▶ _Assigned task_
Find the line with "Svoriai, 4vnt., 2x10kg+2x5kg, ketus" in the entries below, then output every line from it down to the line with "Соединение PD DS06 14х1.5 (корпус)", exactly and with no pictures.

▶ _Raw data_
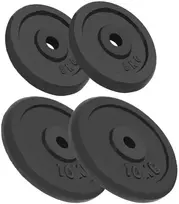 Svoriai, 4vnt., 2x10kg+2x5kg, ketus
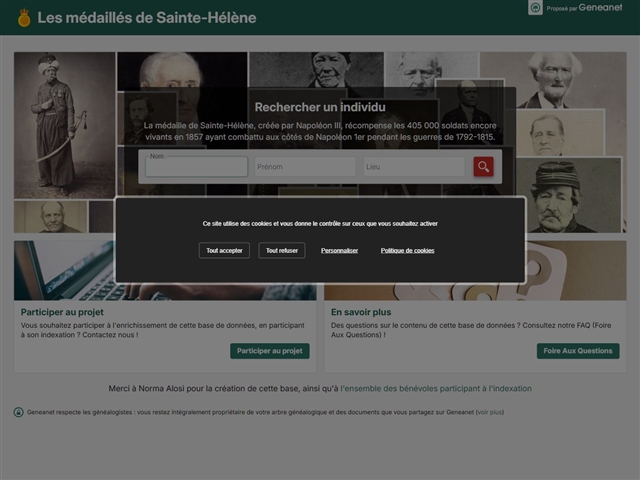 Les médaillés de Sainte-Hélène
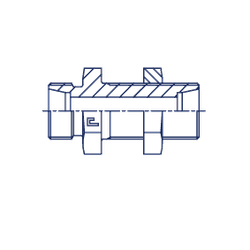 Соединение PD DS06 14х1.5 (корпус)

...

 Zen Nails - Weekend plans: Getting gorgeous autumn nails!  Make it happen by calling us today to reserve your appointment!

▶ _Exercise solution_
 Svoriai, 4vnt., 2x10kg+2x5kg, ketus
 Les médaillés de Sainte-Hélène
 Соединение PD DS06 14х1.5 (корпус)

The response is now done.